(Records to process Opens)
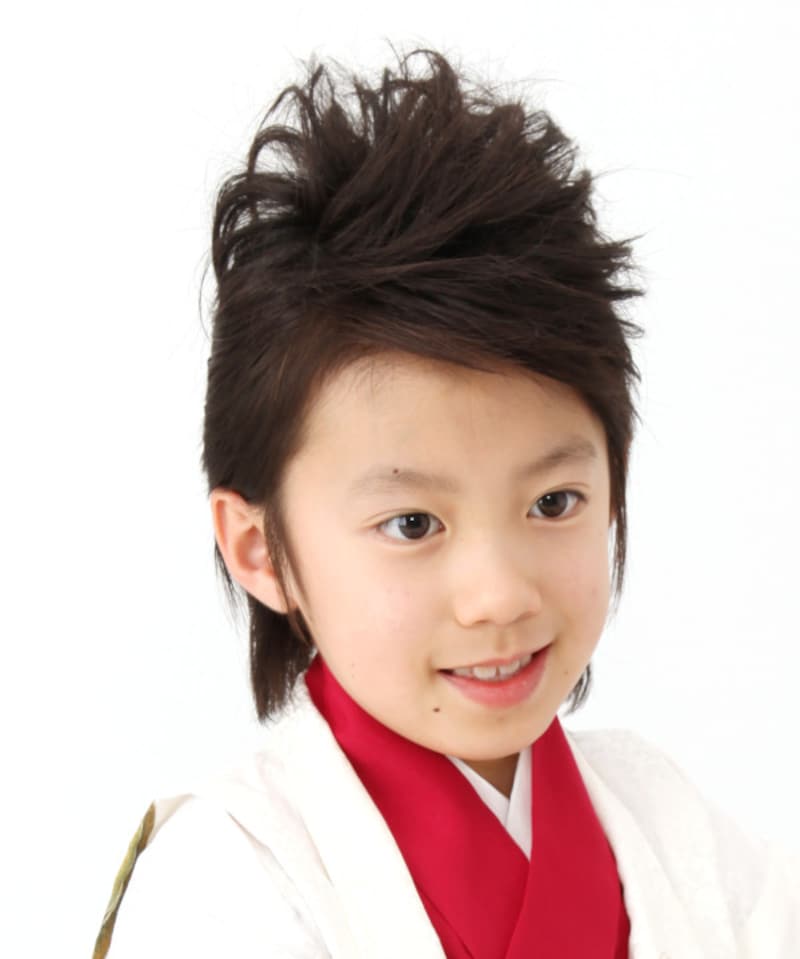 リーゼント風スタイル:髪が長い場合はリーゼント風にして、ワイルドな七五三ヘアスタイル・髪型に(5歳男の子)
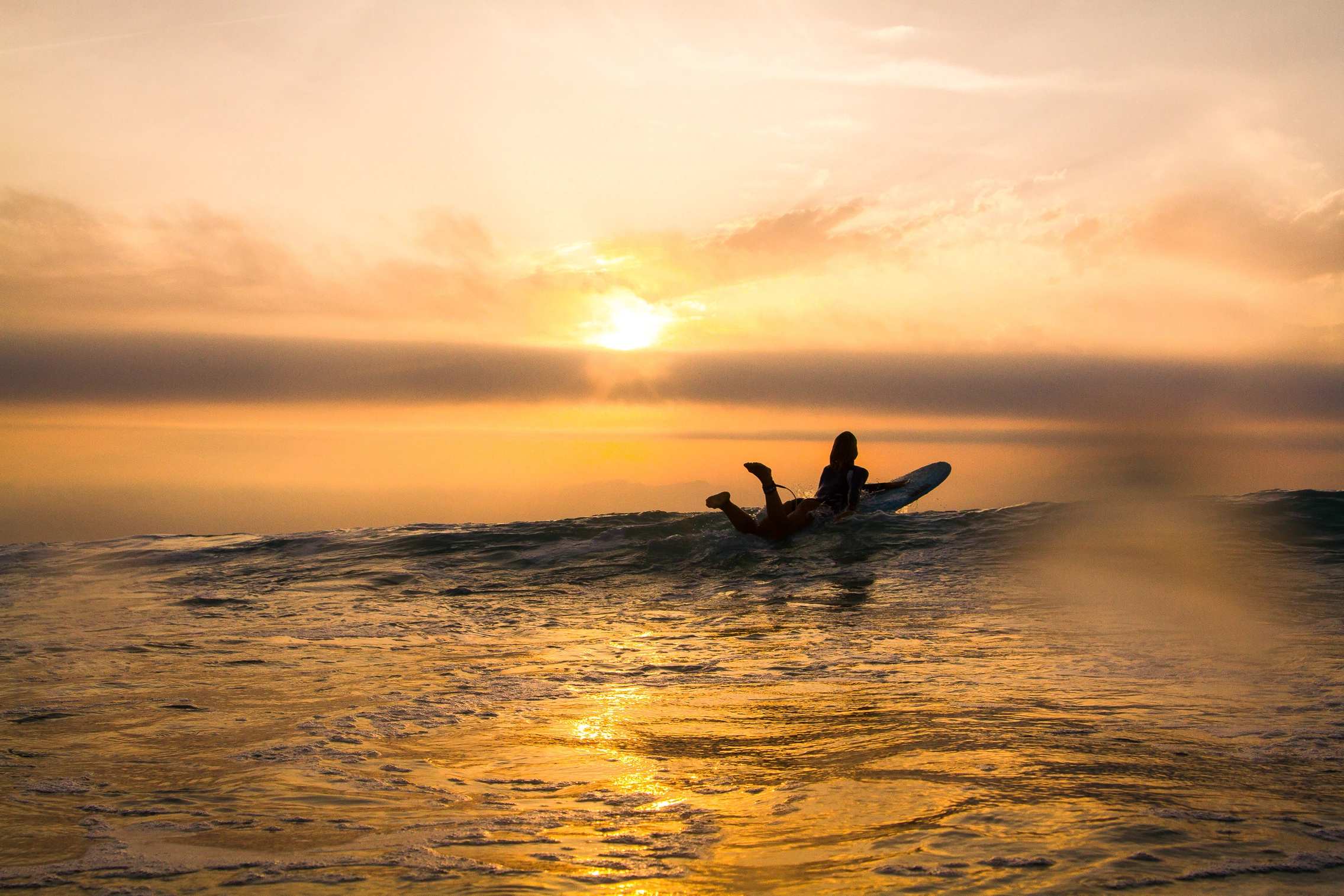 Bei Sonnenuntergang mit der Klasse surfen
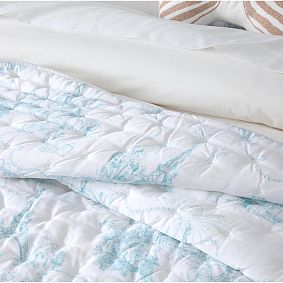 Amelia In Paris Toile Quilt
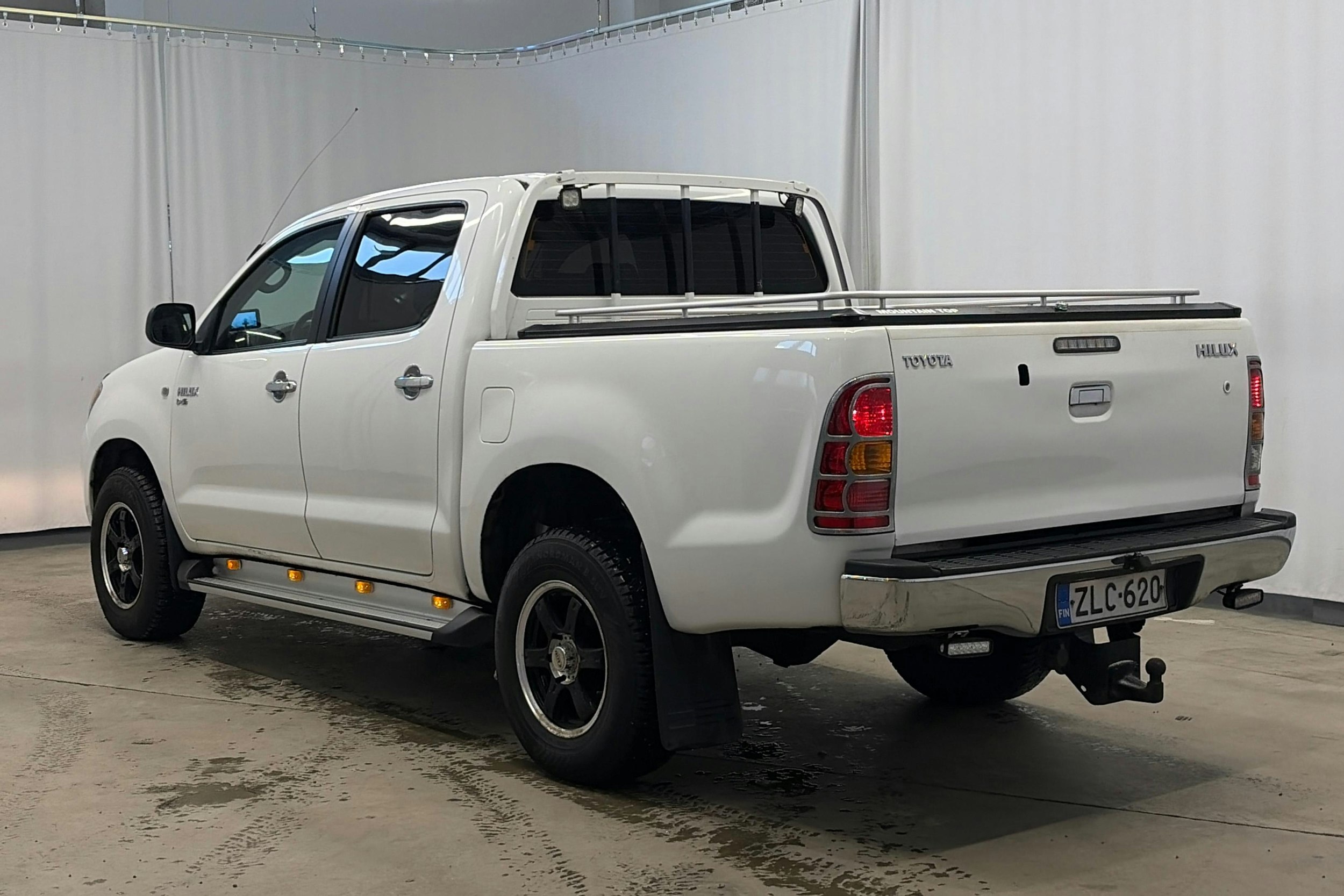 valkoinen Toyota Hilux 2008 kuva 8.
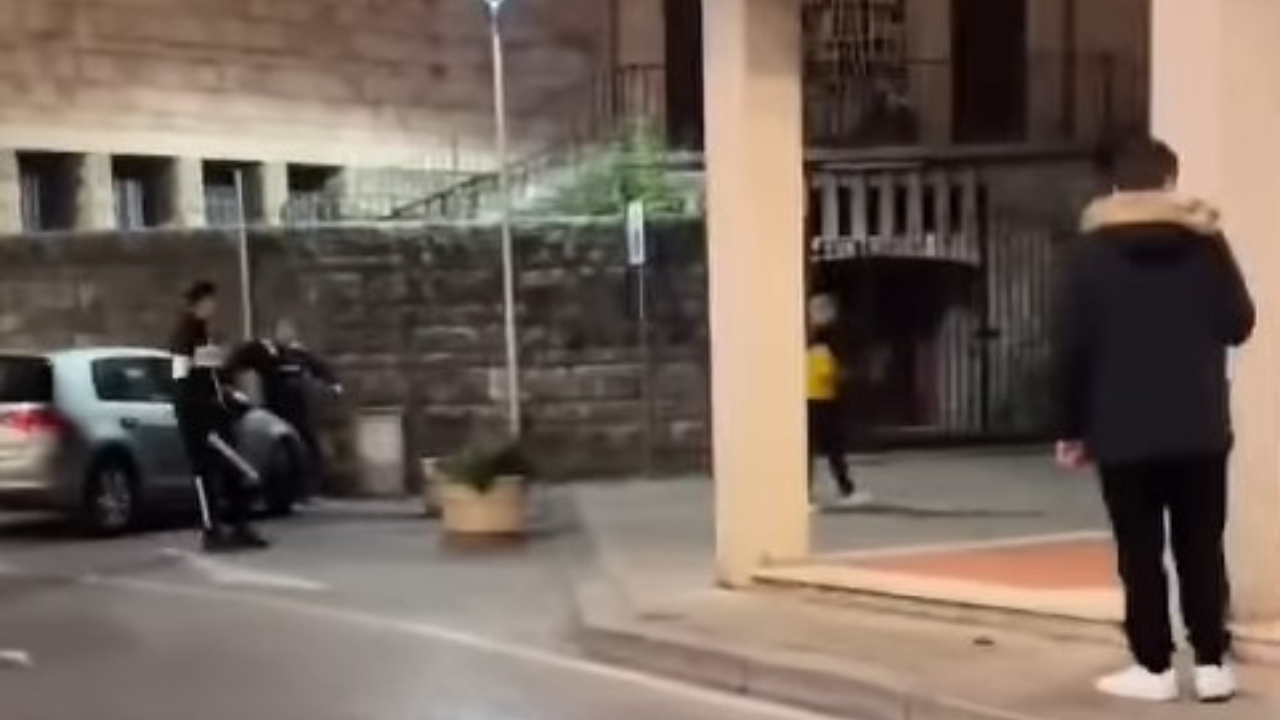 La rissa nei dintorni di piazza del Popolo avvenuta qualche settimana fa a colpi di machete e bottiglie rotte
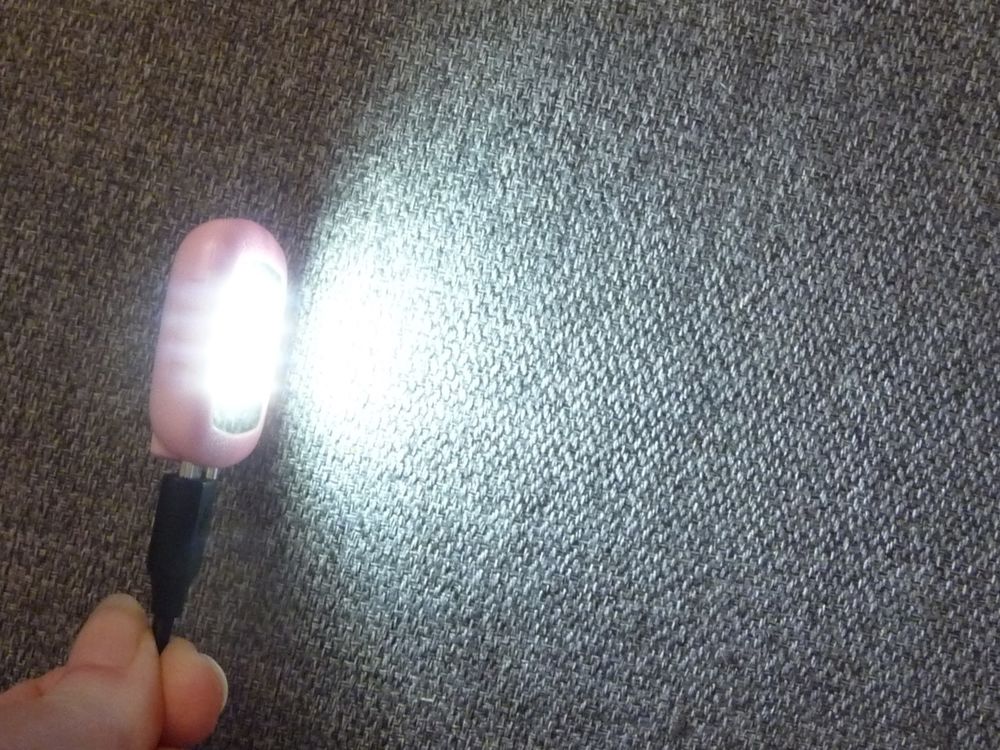 Flash Rechargeable Rose &agrave; 16 LED R&eacute;glables pour T&eacute;l&eacute;phone Téléphones et tablettes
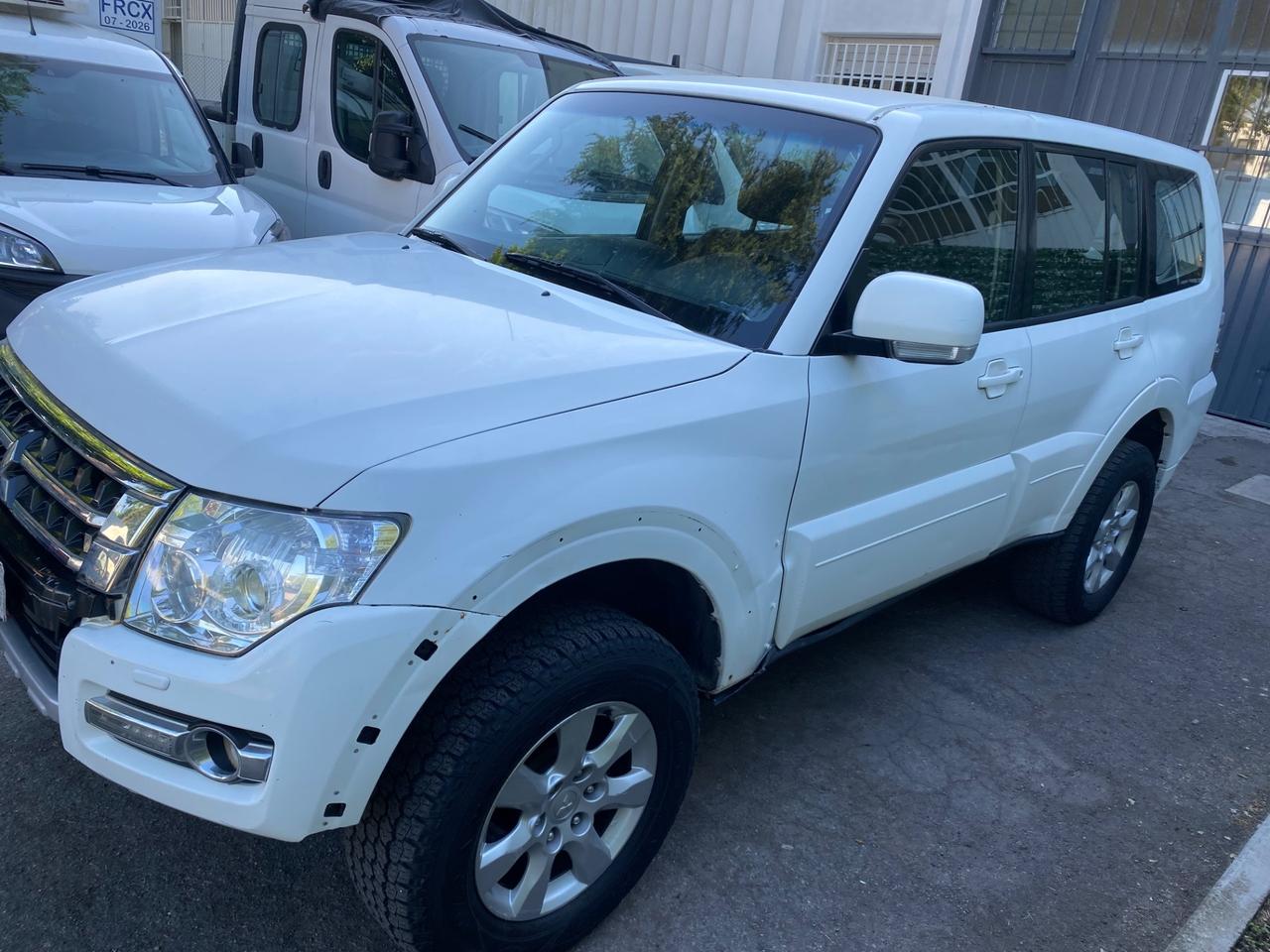 Mitsubishi Pajero 3.2 DI-D 16V aut. 5p. Intense DPF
(Records to process Closes)
-- Task details --
The answer is a faithful copy of the records above, with the pictures removed.

-- Response to this exercise --
 リーゼント風スタイル:髪が長い場合はリーゼント風にして、ワイルドな七五三ヘアスタイル・髪型に(5歳男の子)
 Bei Sonnenuntergang mit der Klasse surfen
 Amelia In Paris Toile Quilt
 valkoinen Toyota Hilux 2008 kuva 8.
 La rissa nei dintorni di piazza del Popolo avvenuta qualche settimana fa a colpi di machete e bottiglie rotte
 Flash Rechargeable Rose &agrave; 16 LED R&eacute;glables pour T&eacute;l&eacute;phone Téléphones et tablettes
 Mitsubishi Pajero 3.2 DI-D 16V aut. 5p. Intense DPF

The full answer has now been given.